Sometimes we have a book whose publicity piece is way off the mark. In the spirit of “any publicity is good publicity,” I’m pillorying a bookmark here for you to agree or disagree. What’s wrong with the cover of Finding Isadora? Nothing. It’s romantic. It’s charming. It shouts “Women’s fiction about an older heroine finally finding her true self with a new man.” Many women’s fiction relationship books have beach scenes on the cover, like this one. They usually don’t show people’s faces, and this one doesn’t. And they have an aspect of whimsy to them. The woman holding her dress out to be more balletic in the ocean wind is a perfect example of whimsy. She’s happy. Sounds great, right? But look at the cover copy: “He’s the worst man in the world for her.” Oh, really? Doesn’t look that way. If he’s dangerous to a life of dancing on the beach, this cover composition does not say so. It says the opposite. Maybe the cover copy is wrong, then? But the back of the bookmark delves into more details about why the heroine’s heartthrob hero is the dangerous type—he’s an activist lawyer, by golly. Danger. Danger. This is an attractive cover. I like this cover. If this book were about what this cover art says it is, I’d read this book. But is it?

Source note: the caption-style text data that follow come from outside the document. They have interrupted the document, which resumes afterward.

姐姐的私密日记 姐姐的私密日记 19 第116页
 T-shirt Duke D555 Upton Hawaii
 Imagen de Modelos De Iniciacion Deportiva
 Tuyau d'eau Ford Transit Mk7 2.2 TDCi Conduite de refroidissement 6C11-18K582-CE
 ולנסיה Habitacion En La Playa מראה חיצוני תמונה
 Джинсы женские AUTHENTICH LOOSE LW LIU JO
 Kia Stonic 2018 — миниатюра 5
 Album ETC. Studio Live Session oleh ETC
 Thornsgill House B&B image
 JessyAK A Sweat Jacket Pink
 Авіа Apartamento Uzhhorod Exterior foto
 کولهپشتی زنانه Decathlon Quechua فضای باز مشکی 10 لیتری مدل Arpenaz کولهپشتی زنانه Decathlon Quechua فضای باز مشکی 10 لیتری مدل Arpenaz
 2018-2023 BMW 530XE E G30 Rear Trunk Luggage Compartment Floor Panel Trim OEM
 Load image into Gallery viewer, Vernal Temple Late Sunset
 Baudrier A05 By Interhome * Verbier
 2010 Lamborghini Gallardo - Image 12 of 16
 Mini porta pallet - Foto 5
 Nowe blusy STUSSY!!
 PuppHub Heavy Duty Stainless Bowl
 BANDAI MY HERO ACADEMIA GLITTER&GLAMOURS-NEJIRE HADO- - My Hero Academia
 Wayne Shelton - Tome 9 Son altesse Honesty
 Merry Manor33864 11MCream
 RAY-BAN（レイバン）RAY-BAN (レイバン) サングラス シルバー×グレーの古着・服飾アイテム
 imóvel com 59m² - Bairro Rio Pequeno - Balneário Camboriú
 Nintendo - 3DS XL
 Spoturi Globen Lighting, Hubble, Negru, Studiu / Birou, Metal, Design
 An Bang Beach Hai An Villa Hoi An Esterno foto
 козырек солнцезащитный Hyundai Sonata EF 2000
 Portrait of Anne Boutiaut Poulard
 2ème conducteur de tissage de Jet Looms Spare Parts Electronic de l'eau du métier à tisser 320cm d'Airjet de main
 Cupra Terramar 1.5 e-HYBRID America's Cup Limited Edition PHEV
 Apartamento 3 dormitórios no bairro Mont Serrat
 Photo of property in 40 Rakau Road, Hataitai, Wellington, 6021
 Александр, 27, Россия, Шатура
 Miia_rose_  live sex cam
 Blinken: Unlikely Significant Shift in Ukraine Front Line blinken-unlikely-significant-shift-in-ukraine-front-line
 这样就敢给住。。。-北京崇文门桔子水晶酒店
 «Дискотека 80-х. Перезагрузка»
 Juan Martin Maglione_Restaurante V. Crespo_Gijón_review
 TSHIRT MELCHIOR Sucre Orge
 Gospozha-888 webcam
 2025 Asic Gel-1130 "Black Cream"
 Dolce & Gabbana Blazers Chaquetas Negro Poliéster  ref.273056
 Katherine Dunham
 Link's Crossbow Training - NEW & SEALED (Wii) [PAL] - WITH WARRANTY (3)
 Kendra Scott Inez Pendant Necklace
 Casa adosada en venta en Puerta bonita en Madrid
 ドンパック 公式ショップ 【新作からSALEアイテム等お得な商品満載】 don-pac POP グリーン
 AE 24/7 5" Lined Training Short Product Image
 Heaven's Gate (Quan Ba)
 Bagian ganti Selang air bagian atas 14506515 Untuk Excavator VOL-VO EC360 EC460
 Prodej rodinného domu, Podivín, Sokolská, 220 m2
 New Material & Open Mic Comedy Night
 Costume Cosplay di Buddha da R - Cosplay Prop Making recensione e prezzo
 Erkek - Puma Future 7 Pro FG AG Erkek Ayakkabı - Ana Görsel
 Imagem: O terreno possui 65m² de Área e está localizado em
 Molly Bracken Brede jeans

My third cover is A Touch of the Irish by Wendy A. Wilson. I picked it up because it’s such a nice green and the cover design is pretty. But I have no clue what the story is about. That’s kind of a problem, since the business card it’s printed on yields no descriptive copy. Is this a romance? Is it about leprechauns? Is it about three emerald rings? I’ve got a lot of Irish blood, but like most Americans, I’ve been acculturated out of my native heritage, so I have zero clue as to whether the three rings mean anything in Irish lore, past or present. But I do like the color green. The top of the book says it’s a Touch Series Novel, but I don’t know what that is. Cover copy that tells what this book is about would have sold it. Lost opportunity. But wait, you say. Isn’t there a well-established cover style that major romance authors have used that does not show a man embracing a woman? That instead shows flowers, or the like? Yes, that’s true, but those romances are by best-selling authors who basically need no introduction to the reader. And they rate cover blurbs from other famous authors. They do tell something.
Are you interested in a fourth marketing piece? Okay, here’s a business card advertising a cover design company, something many self-published authors may want to check out. The silhouetted woman, black on white, is very striking. That catches my eye, which is good. Then I notice the unrealistically enormous bosom on the woman and her open, passive pose. She also looks like she has very big hair or is wearing a Las Vegas showgirl headdress. And anyway, for a romance, who cares if the woman looks sexy? We’re not selling hot-looking women to romance readers. We’re selling women doing something, or hot-looking men, or men and women embracing. To me this marketing piece suggests the company does not understand who reads romance and what a romance heroine should look like. Even urban fantasy heroines with their tank tops and big weapons are posed actively and do not sport massive gazongas like these. I’m not sure I’d want my girl-next-door, self-published romance (if I had written one) to have its cover designed by this crew. It’s a striking business piece, but the silhouette is too objectifying for the kinds of books I write, and that’s a problem because it disinvites me. Perhaps it invites writers of erotica? Not unless the woman is holding a whip.
So there we have it. The most striking promo pieces from this year’s haul. All of them successfully drew me in. Some of them left me wondering.